Short texts show students way into literature

July 18th, 2008

Assigning a full-length novel to a group of middle or high school students is probably met with a lot of eye-rolling and groaning. Many students will struggle to complete the book and those who do may read it quickly and superficially. Teachers often find themselves sacrificing valuable classroom time to allow students to read the book, leaving little time for discussion.

Members of the Mosaic Listserv — a discussion group devoted to teachers who want to help their students become thoughtful, independent readers — recently participated in an online discussion about a book that suggests using shorter texts as a way to expose students to a wide range of literature while deepening their comprehension.
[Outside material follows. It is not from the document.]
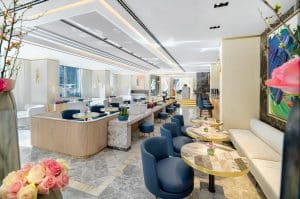 Descubra la elegancia atemporal del moderno lobby del Hotel The One Barcelona GL, donde las sillas azules y las mesas de mármol contrastan sorprendentemente con las vibrantes decoraciones florales en un entorno luminoso y espacioso. - ForTwo - Planes para parejas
In Less Is More: Teaching Literature with Short Texts, Grades 6-12, Kimberly Hill Campbell encourages teachers to look beyond novels to engage students, and embrace a richer variety of literature, including graphic novels, short stories, and essays.

She argues that not all students are ready — or in many cases willing — to take on a full-length novel and that short stories provide most students a way into literature. “When students are confronted solely and consistently with texts that are complex and lengthy, there is resistance, a tendency to disengage and to look for shortcuts that may help complete a required assignment but that circumscribe or even totally avoid actual reading,” writes Leila Christenbury in the book’s foreword.
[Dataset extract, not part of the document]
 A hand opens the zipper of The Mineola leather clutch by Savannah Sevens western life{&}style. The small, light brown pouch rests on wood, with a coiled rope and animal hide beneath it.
Many of the teachers participating in the Mosaic discussion found themselves in that situation: trying to coax middle and high school students into reading lengthy pieces of required literature in a limited timeframe, and engage them in meaningful discussion about the piece. Leslie Popkin, a literacy coach from Bellerose, NY, shared that “as a coach in a K-8 building, writing a curriculum for the upper grades that is workable and meaningful has been a challenge. The reading of Less Is More couldn’t have been more timely.” She added that the strict time constraints faced by middle school teachers makes fitting all the components of balanced literacy into the confines of a middle school ELA program very difficult. “This book is a superb source for high school teachers,” Popkin wrote, “and a good one as well for middle school teachers.” She considers the book a “must-read” for teachers of grades 6 through 8 and thinks that the strategies from the book can be used at almost any level.
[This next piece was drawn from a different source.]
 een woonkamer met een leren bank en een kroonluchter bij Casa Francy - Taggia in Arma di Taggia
Heather Rockensock, a literacy coach from Holmen, WI, shared that she had a hard time helping her reading and writing teachers integrate learning strategies into their teaching. “As soon as I read this book, I knew that I had a solution to my problem,” Heather wrote. Instead of struggling with trying to fit full-length novels — and the time it takes to read them — into the allotted time, Heather and other teachers are now adding shorter texts to their library. Rockensock’s students in the eighth grade are beginning their study of the Holocaust. Reading the usual required texts — The Diary of Anne Frank and The Devil’s Arithmetic — “would take forever,” she said. “I am excited to say that we are adding picture books, short stories, and graphic novels to our collection…I can’t wait to see how this enriches our discussions because now we will have time to actually have discussions!” The eighth-graders will also write a memoir as part of the unit and Rockensock says that she can already see the advantages of exposing students to various forms of literature.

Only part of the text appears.